## MATERIAL FOR THE TASK
=== Section Start ===

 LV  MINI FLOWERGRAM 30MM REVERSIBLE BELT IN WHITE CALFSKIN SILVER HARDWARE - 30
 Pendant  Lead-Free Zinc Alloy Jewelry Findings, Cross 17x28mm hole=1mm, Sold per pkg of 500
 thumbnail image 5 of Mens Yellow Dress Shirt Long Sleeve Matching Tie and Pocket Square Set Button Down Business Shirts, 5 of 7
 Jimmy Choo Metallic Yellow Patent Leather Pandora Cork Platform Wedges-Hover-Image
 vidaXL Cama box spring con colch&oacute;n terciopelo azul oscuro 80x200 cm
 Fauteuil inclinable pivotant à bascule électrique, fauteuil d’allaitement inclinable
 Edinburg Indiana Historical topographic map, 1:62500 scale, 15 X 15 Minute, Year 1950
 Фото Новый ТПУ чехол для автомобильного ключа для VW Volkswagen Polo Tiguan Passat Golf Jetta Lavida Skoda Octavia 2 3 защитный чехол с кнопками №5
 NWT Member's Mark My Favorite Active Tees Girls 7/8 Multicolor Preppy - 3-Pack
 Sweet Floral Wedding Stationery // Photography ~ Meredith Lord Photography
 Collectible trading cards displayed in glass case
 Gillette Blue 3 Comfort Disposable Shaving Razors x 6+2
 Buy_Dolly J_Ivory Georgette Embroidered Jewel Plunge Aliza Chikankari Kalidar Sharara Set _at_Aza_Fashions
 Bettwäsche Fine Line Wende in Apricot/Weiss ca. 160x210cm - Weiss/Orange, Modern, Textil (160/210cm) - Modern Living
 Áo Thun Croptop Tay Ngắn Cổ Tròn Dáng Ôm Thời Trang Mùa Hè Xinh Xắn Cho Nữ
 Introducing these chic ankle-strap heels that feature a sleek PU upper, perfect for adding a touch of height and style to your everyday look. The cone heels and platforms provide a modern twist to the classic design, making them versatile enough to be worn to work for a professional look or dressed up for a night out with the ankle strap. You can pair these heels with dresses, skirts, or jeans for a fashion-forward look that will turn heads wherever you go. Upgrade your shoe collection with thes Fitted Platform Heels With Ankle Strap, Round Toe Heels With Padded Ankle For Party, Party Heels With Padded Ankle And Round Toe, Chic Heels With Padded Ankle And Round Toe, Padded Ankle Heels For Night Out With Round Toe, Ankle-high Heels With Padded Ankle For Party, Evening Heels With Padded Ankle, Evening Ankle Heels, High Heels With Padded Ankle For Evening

=== Section End ===

## TO DO
Please copy out each line of the material that contains the string "Yellow".

## PROBLEM SOLUTION
 thumbnail image 5 of Mens Yellow Dress Shirt Long Sleeve Matching Tie and Pocket Square Set Button Down Business Shirts, 5 of 7
 Jimmy Choo Metallic Yellow Patent Leather Pandora Cork Platform Wedges-Hover-Image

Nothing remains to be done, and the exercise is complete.